┏━━

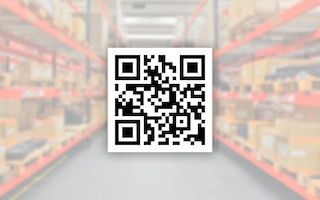 Los códigos QR en logística proporcionan información más detallada sobre los productos que los códigos de barras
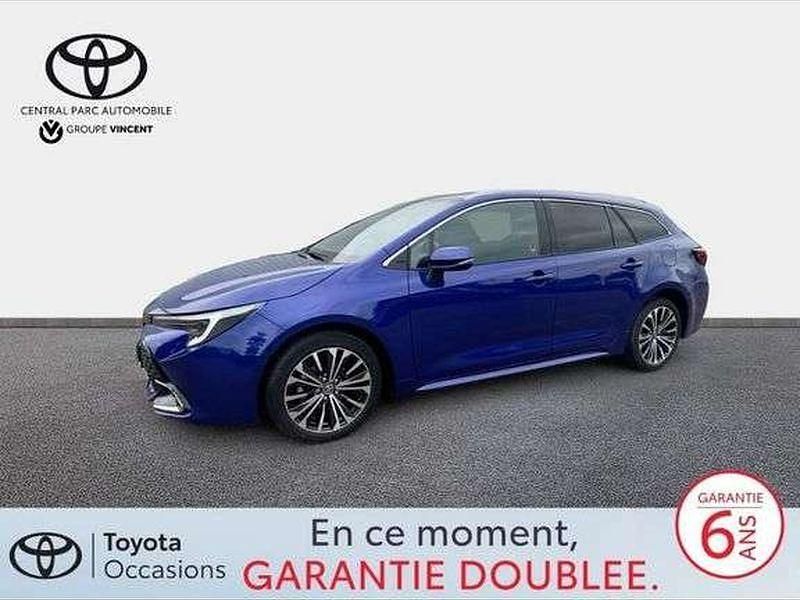 Utilisé 2024 Toyota Corolla Design Break | 29 490 € (Prix juste) - Image 1/1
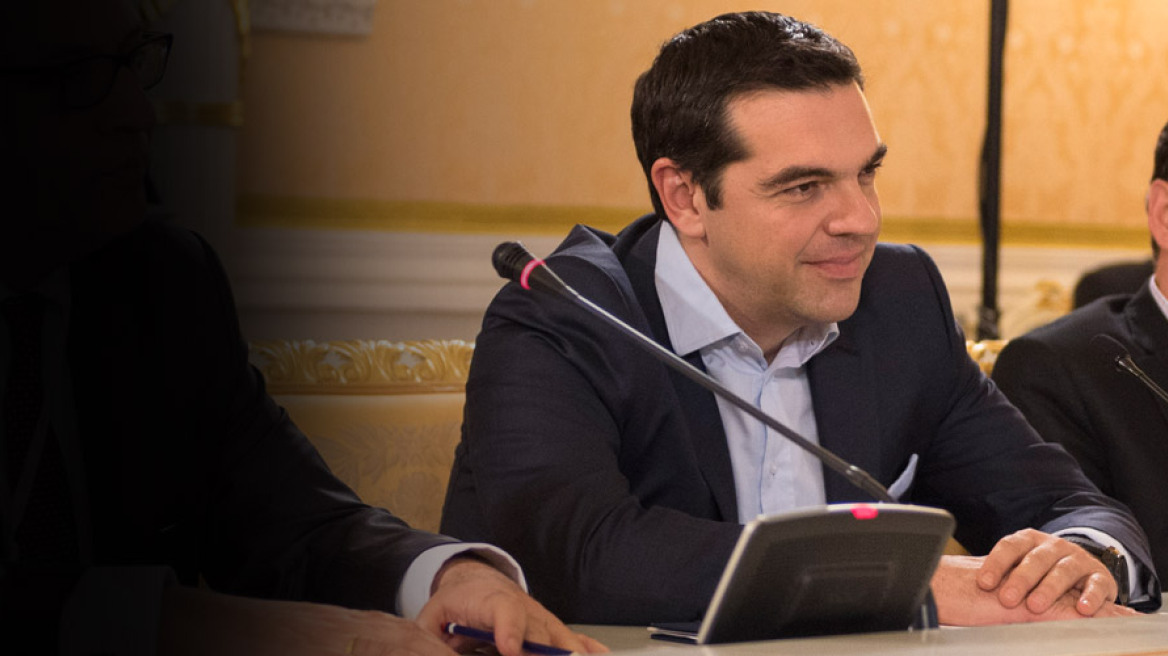 Τσίπρας: Πάω σε εκλογές αν δεν έχω κοινοβουλευτική πλειοψηφία
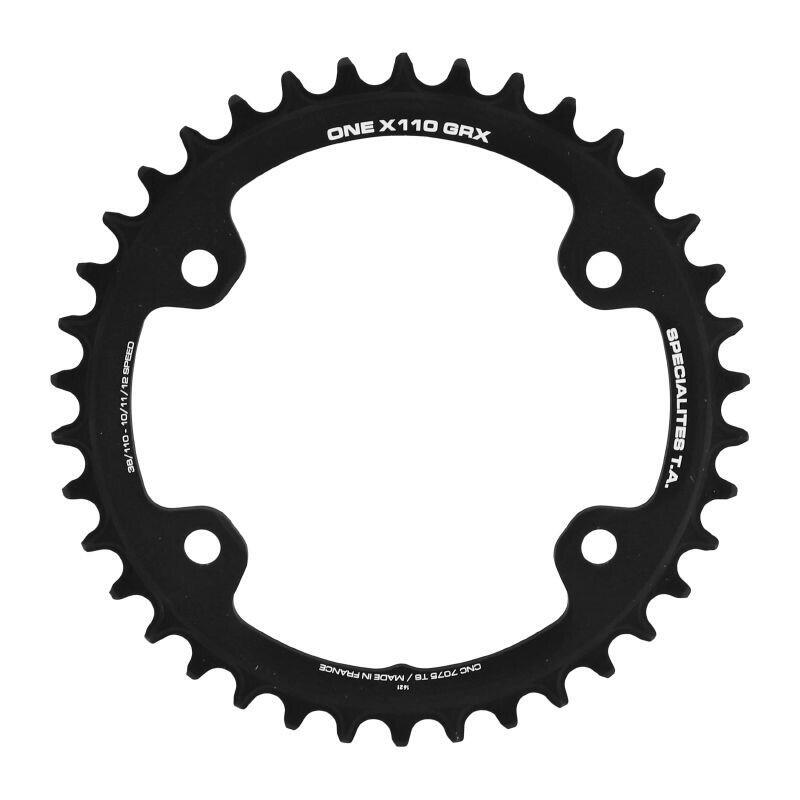 TA SPECIALITES Plateau Specialiteiten T.A. Shimano Grx Mono X110 One Rx600-Rx810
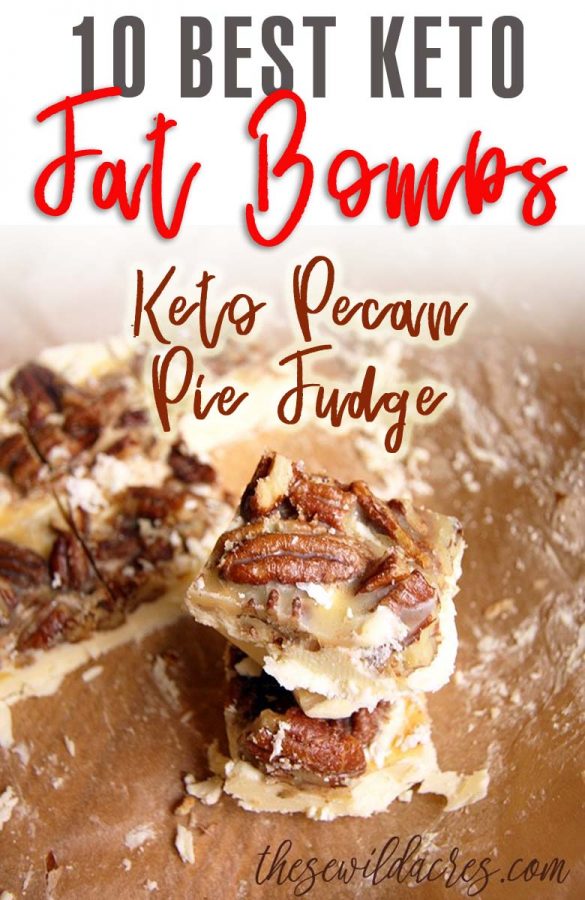 10 Best Keto Fat Bombs Recipes (plus 54 Keto Fat Bombs and Snacks ...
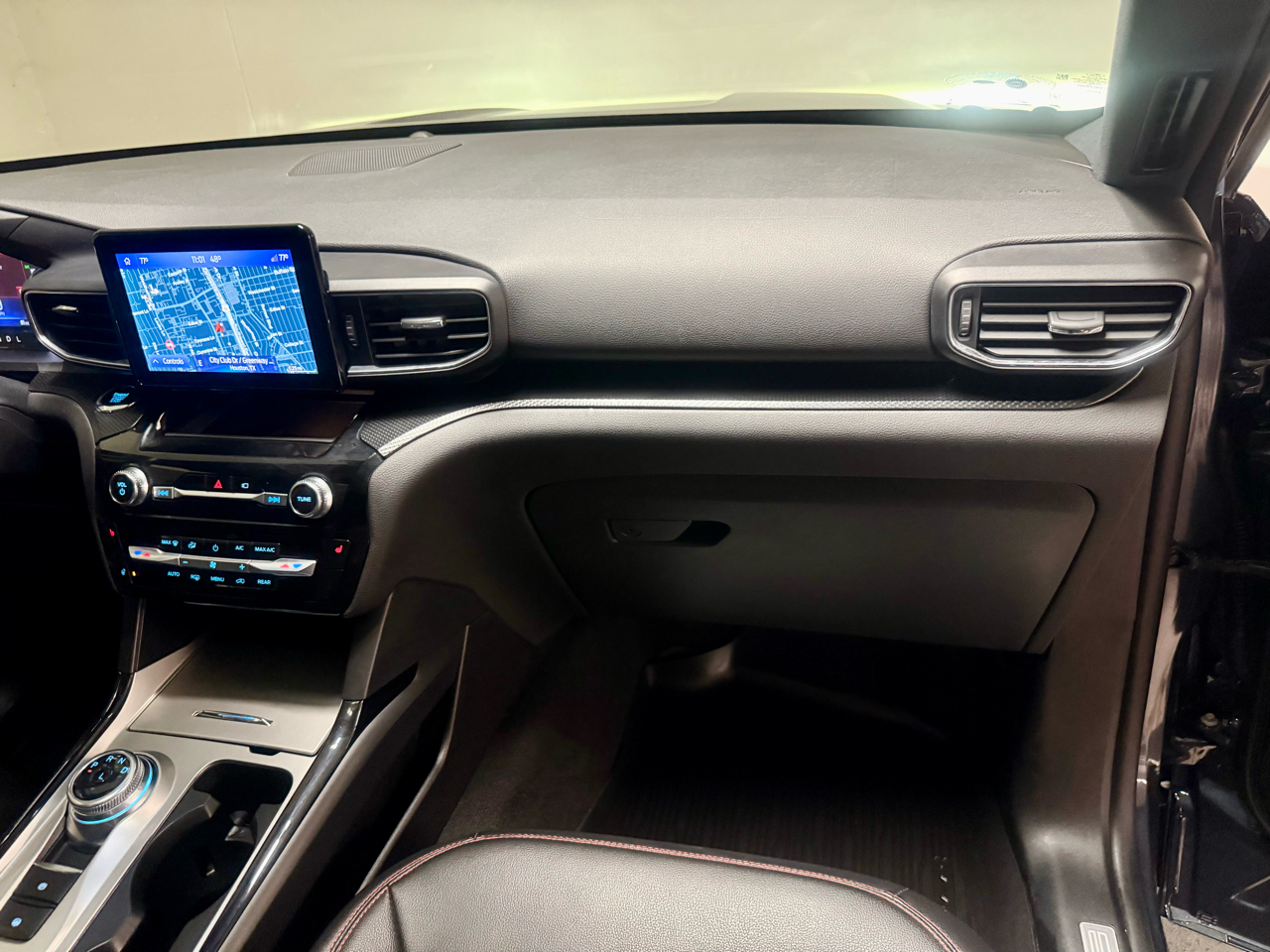 Ford Explorer ST-Line 2022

┗━━

[EXERCISE INSTRUCTIONS]
Copy out exactly, with no pictures, the lines of the data from the first one through the line bearing "Τσίπρας: Πάω σε".

[ANSWER SECTION]
 Los códigos QR en logística proporcionan información más detallada sobre los productos que los códigos de barras
 Utilisé 2024 Toyota Corolla Design Break | 29 490 € (Prix juste) - Image 1/1
 Τσίπρας: Πάω σε εκλογές αν δεν έχω κοινοβουλευτική πλειοψηφία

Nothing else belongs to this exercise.